Step-by-step explanation:

To fully factorize the quadratic expression x² + 11x + 18, we need to find two numbers whose sum is 11 and product is 18. The numbers are 2 and 9, since 2 + 9 = 11 and 2 * 9 = 18. Therefore, we can factorize the expression as (x + 2)(x + 9).

To solve the equation x² + 11x + 18 = 0, we can set it equal to zero and use the factored form from part a). So, (x + 2)(x + 9) = 0. Then, we can set each factor equal to zero and solve for x. So, x + 2 = 0 and x + 9 = 0. Solving these equations gives x = -2 and x = -9.

Answer 2

a) To fully factorize the quadratic expression x² + 11x + 18, we need to find two numbers that multiply to the constant term (18) and add up to the coefficient of the linear term (11x). These two numbers are 2 and 9 because 2 * 9 = 18 and 2 + 9 = 11.

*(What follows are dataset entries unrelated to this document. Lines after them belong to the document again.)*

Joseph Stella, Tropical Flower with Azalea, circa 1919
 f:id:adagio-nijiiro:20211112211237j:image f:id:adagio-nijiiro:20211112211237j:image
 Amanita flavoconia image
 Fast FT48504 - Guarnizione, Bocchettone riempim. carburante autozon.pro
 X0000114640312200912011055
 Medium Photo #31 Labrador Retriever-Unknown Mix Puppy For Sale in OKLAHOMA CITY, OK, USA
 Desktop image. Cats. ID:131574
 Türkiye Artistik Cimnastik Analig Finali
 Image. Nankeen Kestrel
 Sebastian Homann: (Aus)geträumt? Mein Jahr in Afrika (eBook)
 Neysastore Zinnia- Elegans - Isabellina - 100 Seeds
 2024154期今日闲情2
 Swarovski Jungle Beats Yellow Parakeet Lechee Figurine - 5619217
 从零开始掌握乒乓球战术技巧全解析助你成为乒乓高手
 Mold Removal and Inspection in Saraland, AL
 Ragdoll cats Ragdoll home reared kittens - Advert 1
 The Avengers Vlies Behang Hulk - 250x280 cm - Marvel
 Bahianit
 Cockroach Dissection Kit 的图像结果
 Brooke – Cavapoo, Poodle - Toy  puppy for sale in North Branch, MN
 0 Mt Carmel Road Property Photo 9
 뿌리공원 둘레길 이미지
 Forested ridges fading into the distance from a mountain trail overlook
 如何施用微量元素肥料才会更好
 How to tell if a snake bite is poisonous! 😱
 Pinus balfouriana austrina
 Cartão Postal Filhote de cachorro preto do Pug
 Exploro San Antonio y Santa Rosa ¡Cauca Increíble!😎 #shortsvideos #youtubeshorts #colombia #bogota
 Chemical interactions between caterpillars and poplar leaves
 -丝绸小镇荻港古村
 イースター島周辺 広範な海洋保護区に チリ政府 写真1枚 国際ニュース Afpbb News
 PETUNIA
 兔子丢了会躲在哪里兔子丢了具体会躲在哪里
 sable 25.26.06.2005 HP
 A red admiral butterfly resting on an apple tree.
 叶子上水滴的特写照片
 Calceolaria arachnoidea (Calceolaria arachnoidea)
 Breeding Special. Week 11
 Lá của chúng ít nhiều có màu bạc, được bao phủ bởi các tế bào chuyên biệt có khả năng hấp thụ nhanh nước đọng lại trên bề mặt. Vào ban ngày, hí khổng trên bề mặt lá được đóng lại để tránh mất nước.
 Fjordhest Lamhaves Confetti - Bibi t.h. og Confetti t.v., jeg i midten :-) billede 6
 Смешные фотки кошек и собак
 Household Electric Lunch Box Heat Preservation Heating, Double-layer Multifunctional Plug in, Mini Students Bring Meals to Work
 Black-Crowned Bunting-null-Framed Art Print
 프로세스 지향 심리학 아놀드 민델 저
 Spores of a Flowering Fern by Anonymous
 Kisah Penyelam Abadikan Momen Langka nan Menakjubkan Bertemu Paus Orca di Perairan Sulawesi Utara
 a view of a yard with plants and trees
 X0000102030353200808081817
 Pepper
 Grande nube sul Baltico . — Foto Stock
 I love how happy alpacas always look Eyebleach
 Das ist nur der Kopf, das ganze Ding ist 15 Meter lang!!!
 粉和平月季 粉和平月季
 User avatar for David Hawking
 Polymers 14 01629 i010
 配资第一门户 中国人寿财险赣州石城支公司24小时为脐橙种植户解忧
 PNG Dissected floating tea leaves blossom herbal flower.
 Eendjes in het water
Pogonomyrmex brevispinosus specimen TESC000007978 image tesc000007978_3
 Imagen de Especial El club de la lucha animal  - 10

Now, we can rewrite the quadratic expression as a product of two binomials:

x² + 11x + 18 = (x + 2)(x + 9)

b) To solve the equation x² + 11x + 18 = 0 using the factorization from part a), set each factor equal to zero:

x + 2 = 0 or x + 9 = 0

Solve for x in each equation:

For x + 2 = 0:

x + 2 = 0

x = -2

For x + 9 = 0:

x + 9 = 0

x = -9

So, the solutions to the equation x² + 11x + 18 = 0 are x = -2 and x = -9.